If I (ever) get the build system and tests of python itself to work, I'll try and see if I can implement a nicer solution - at least for pickle.py.
[1] https://github.com/valhallasw/py2/blob/master/bytestrpickle.py
|
msg153707 - (view) |
Author: Antoine Pitrou (pitrou) * |
Date: 2012-02-19 15:53 |
> If I (ever) get the build system and tests of python itself to work,
If you have any problems with that, don't hesitate to ask on python-dev
(or see http://mail.python.org/mailman/listinfo/core-mentorship )
|
msg153718 - (view) |
Author: Merlijn van Deen (valhallasw) * |
Date: 2012-02-19 19:08 |
OK, this is the pickle.py patch. A new parameter 'bytestr' has been added to both _Pickler and _Unpickler to toggle the pickle.string<=>bytes behaviour:
_Pickler:
IF protocol <= 2 AND bytestr=True
THEN bytes are stored as STRING/SHORT_BINSTRING/BINSTRING
ELSE (the old behaviour; obj for protocol <=2, else BINARY)
_Unpickler:
IF bytestr=True
THEN STRING/SHORT_BINSTRING/BINSTRING are read as bytes
ELSE they are read as str (old behaviour)

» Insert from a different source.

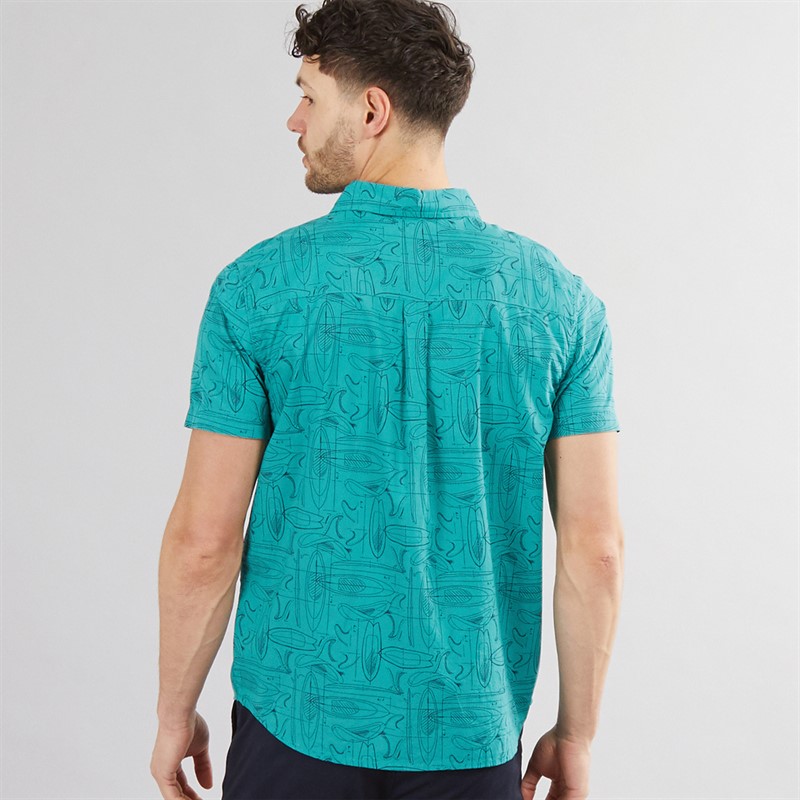 Weird Fish Mens Summertown Short Sleeve Shirt Viridis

I also extracted the decoding stuff from the three string reading functions to a single one.
|
msg153719 - (view) |
Author: Merlijn van Deen (valhallasw) * |
Date: 2012-02-19 19:10 |
P.S. (sorry for forgetting this in the original post ;-))
Both
./python -m test -G -v test_pickle
and
./python test_bytestrpickle.py
pass, but I have not run the entire test suite, as that takes ~90 minutes on my laptop....

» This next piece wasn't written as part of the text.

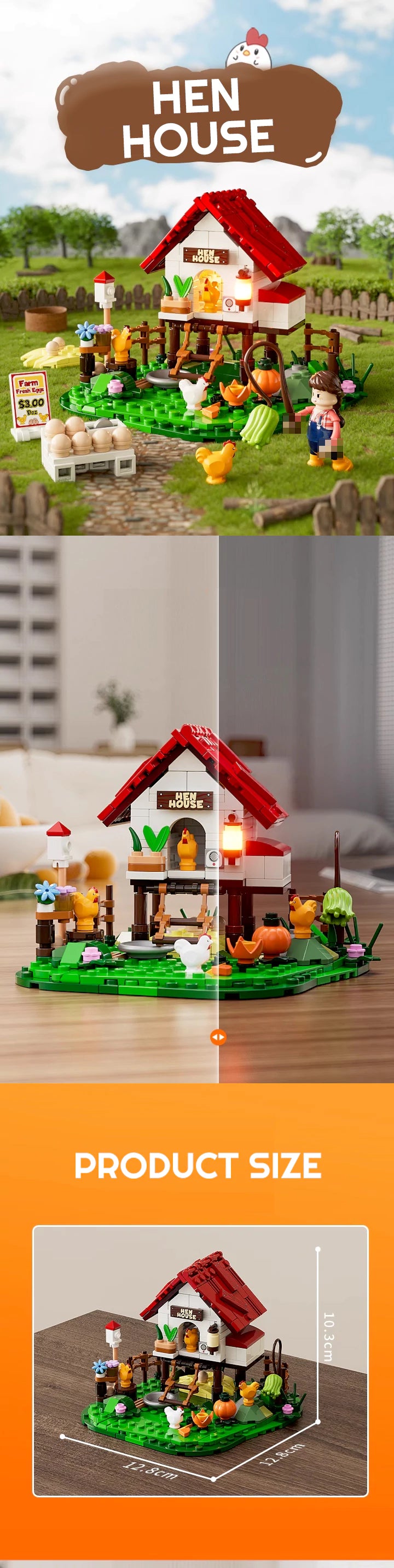 FunWhole F9034 Mini Chicken Coop Creator Expert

The test script should of course be merged with test_pickle.py at some time....
|
msg154282 - (view) |
Author: Merlijn van Deen (valhallasw) * |
Date: 2012-02-25 19:36 |
Ok, this is my first attempt at the Pickler part of the C implementation. I'll have to adapt the python implementation to match this one.

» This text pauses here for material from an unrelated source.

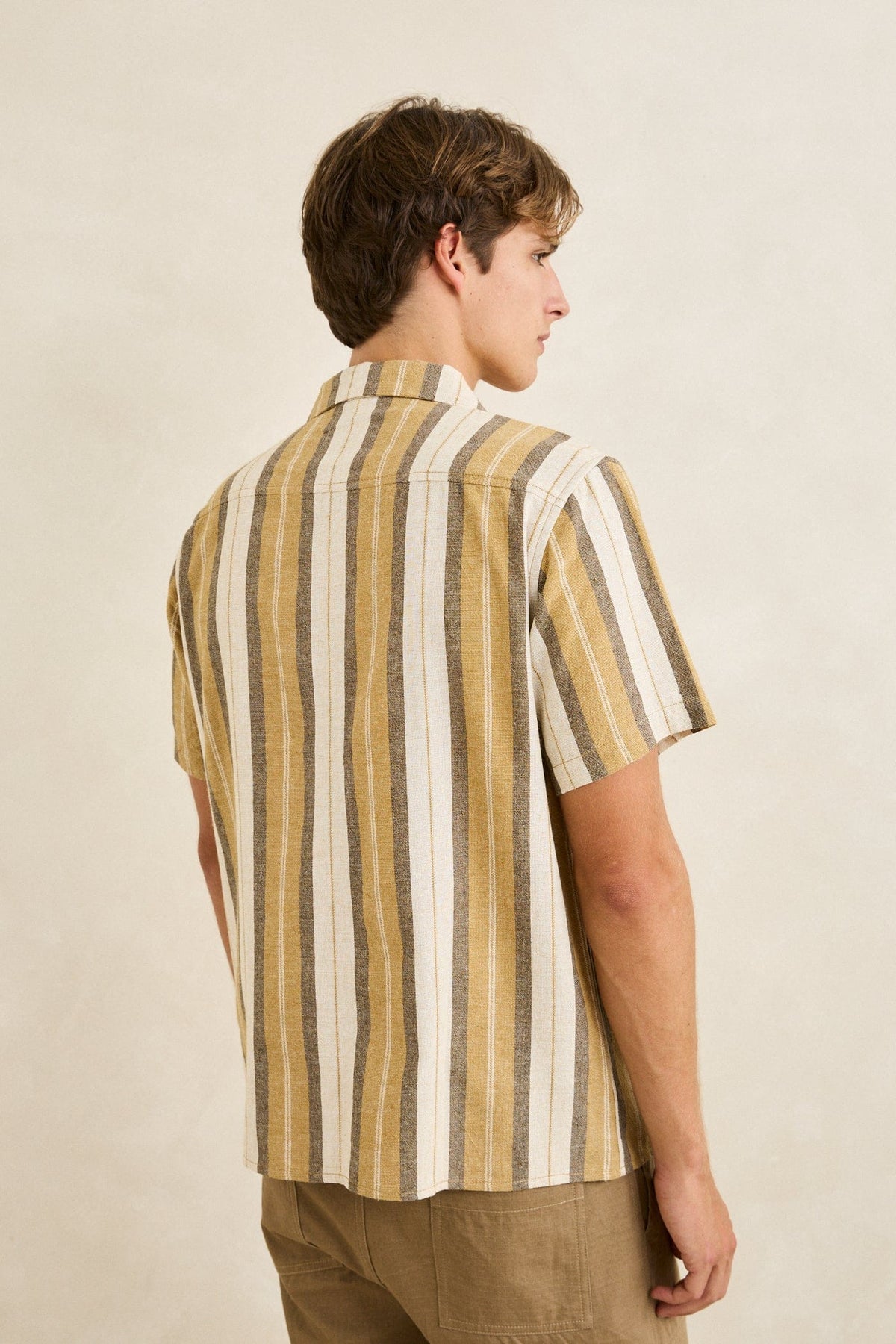 Rhythm Mens Rhythm Mens Vacation Stripe SS Shirt - Sand Rhythm Mens Vacation Stripe SS Shirt Sand Splash Swimwear Mens Shirt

All BytestrPicklerTests in test_bytestrpickle.py pass, and ./python -m test -G -v test_pickle passes.
Comments on style etc. are very welcome.
|
msg154662 - (view) |
Author: Merlijn van Deen (valhallasw) * |
Date: 2012-02-29 20:42 |
Added tests in Lib/test format.
After applying pickle.py.patch and BytestrPickler_c.diff,
./python -m test -v -m PyPicklerBytestrTests test_pickle
returns 12 tests, no errors, while
./python -m test -v -m CPicklerBytestrTests test_pickle
only passes
test_dump_bytes_protocol_0 (test.test_pickle.CPicklerBytestrTests) ... ok
test_dump_bytes_protocol_1 (test.test_pickle.CPicklerBytestrTests) ... ok
test_dump_bytes_protocol_2 (test.test_pickle.CPicklerBytestrTests) ... ok
test_dump_bytes_protocol_3 (test.test_pickle.CPicklerBytestrTests) ... ok
and has 8 errors (as expected).
|
msg154795 - (view) |
Author: Merlijn van Deen (valhallasw) * |
Date: 2012-03-02 20:35 |
And a complete patch that implements the tests, the python implementation and the C implementation. I'm not completely happy with the code duplication in read_string/read_binstring/read_short_binstring C implementation, so that might be an improvement (however, there is already a lot of code duplication there at the moment).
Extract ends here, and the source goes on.